Laughing, she took a deep pull from her drink. “Yup. Funny, I didn't think the notorious Abram Birch remembered the names of any women.”

My guts contorted as if razor-wire had been wound through them. She wasn't wrong; the list of women I'd forgotten was a long one.

Twisting my palm through my hair, I forced an empty smile. “That's only girls I sleep with. Not the ones I save.”

Her eyes twinkled, hip cutting a sharp angle as she leaned closer. “Ah. You know, I didn't even recognize who you were that night in the park.”

“Well, you had just been attacked.”

Trish paused, her eyes hooding. “It was a strange night. I was lucky that girl came along.”

That girl. “Nix,” I said. “Her name is Nix.”

She pursed her lips, considering me with fresh eyes. “You know her name? Guess you didn't sleep with her after all. I figured you would.”

It should have been obvious before. Somehow, it took Trish saying it to drive the point home.

I didn't forget Nix's name.

My heart was jolted, electricity running through my tongue.

I didn't forget her!

In all my life, that had never happened. Women came and went through my bedroom. They left their panties, they left hickies, but not until now had any of them left a memory.

Only her.

Only Nix Halloway.

“Nice shirt,” Trish said, fingering the edge of the garment's neck.
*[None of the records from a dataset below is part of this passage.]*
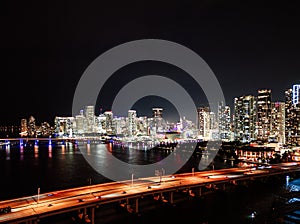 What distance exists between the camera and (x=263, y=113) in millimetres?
54250

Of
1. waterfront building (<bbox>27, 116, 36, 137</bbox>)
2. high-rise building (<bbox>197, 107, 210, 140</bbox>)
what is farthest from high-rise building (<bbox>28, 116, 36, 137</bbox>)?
high-rise building (<bbox>197, 107, 210, 140</bbox>)

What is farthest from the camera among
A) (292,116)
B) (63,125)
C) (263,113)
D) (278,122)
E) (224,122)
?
(63,125)

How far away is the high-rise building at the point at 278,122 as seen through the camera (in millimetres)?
49906

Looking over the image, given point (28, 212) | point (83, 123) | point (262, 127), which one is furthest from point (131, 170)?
point (83, 123)

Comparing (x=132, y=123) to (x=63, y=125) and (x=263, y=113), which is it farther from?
(x=263, y=113)

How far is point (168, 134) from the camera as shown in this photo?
73.4 meters

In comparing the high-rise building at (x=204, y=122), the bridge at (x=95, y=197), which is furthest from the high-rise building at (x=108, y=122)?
the bridge at (x=95, y=197)

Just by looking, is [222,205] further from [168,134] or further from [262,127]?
[168,134]

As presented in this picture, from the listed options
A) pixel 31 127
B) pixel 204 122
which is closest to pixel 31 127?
pixel 31 127

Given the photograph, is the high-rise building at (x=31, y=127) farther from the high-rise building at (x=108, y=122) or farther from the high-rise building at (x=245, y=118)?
the high-rise building at (x=245, y=118)

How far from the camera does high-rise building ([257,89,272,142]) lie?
5253cm

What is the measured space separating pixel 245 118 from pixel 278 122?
22.0 feet

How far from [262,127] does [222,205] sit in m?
43.9

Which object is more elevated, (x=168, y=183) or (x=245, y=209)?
(x=168, y=183) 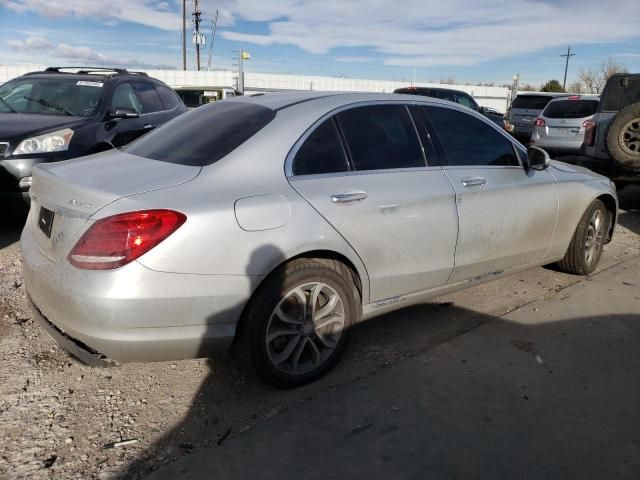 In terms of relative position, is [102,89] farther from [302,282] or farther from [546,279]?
[546,279]

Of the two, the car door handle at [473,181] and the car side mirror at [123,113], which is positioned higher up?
the car side mirror at [123,113]

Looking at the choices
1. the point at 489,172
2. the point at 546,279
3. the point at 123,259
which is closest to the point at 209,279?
the point at 123,259

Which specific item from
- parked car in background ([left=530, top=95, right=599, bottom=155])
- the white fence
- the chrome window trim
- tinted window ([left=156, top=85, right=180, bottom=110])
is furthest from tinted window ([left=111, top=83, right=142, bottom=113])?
the white fence

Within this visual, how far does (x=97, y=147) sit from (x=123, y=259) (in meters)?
3.97

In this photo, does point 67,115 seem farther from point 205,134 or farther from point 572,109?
point 572,109

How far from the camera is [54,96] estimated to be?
6.55 metres

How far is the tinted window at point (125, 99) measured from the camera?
652 centimetres

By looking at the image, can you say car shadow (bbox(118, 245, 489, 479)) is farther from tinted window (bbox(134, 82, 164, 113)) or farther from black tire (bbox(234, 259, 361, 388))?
tinted window (bbox(134, 82, 164, 113))

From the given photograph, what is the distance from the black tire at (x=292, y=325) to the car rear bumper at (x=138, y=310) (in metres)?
0.10

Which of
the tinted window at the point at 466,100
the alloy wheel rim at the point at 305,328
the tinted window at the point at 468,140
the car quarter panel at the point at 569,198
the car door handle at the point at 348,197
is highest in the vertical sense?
the tinted window at the point at 466,100

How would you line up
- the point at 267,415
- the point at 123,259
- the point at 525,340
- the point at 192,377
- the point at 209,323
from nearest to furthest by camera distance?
1. the point at 123,259
2. the point at 209,323
3. the point at 267,415
4. the point at 192,377
5. the point at 525,340

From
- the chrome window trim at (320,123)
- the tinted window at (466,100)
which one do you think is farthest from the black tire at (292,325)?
the tinted window at (466,100)

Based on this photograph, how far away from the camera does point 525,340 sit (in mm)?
3758

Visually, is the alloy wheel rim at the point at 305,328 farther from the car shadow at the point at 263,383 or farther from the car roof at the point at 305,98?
the car roof at the point at 305,98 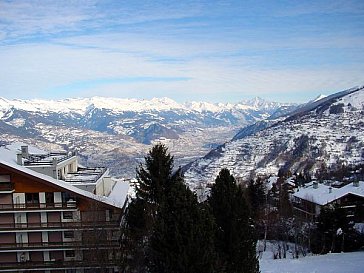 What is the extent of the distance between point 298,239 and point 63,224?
30316mm

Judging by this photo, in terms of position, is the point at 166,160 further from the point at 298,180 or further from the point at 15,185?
the point at 298,180

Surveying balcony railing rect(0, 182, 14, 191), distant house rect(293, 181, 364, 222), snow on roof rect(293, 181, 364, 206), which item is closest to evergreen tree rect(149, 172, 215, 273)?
balcony railing rect(0, 182, 14, 191)

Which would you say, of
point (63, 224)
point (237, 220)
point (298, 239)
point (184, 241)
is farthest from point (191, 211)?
point (298, 239)

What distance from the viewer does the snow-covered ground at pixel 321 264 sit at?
41250mm

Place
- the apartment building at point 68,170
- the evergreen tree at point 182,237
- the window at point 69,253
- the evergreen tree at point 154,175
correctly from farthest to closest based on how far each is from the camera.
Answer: the apartment building at point 68,170
the window at point 69,253
the evergreen tree at point 154,175
the evergreen tree at point 182,237

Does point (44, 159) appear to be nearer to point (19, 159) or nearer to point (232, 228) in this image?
point (19, 159)

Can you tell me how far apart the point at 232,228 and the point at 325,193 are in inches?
2094

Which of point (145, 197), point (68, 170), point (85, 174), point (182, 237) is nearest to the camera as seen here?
point (182, 237)

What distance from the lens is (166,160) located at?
1304 inches

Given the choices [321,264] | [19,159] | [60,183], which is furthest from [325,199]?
[19,159]

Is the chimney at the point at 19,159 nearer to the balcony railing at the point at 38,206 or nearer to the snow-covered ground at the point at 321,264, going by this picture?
the balcony railing at the point at 38,206

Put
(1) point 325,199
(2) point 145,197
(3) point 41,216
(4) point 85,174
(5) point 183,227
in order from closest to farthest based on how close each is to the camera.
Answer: (5) point 183,227, (2) point 145,197, (3) point 41,216, (4) point 85,174, (1) point 325,199

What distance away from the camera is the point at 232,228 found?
27.3 meters

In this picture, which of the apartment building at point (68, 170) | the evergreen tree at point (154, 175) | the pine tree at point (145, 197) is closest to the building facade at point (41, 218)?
the apartment building at point (68, 170) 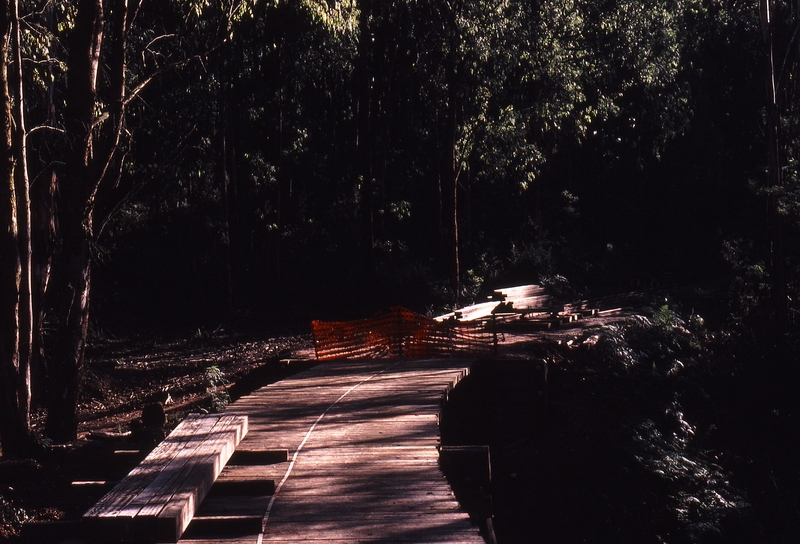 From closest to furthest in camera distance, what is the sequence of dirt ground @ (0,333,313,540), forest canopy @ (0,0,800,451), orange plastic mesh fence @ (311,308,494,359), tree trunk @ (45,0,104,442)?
dirt ground @ (0,333,313,540)
tree trunk @ (45,0,104,442)
forest canopy @ (0,0,800,451)
orange plastic mesh fence @ (311,308,494,359)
That was when I looked down, realizing what I'd put on in my near panic. The shirt she bought for me. In a daze, I ran my palm over the front of it. The red color made the cuts on my knuckles stand out vibrantly. That day rushed back to me; the flower shop, the tulips, the admission to Nix about making her jealous...

The ice cream we'd sat and ate together.

All of it stole my oxygen until I was light headed.

“So,” Trish purred, sliding her fingers over my shoulder. “Do you want to go back to your place, or mine?”

I stood up too fast, the bar stool went toppling. Trish backed up a step, her confusion turning her pale. “Sorry,” I said, slamming money down on the bar. “I can't do that.”

Laughing self-consciously, she tossed her hair. “Why not?”

“Because I'm about to be a married man.”

Trish stammered, but she said nothing else as I marched out that door and back into the dark night. Oddly enough, it wasn't that cold anymore. Or perhaps that was just the energy burning in my blood.

Digging my phone out, I scanned my recent calls as I walked. There, that one. Redialing the number, I listened to the ringing.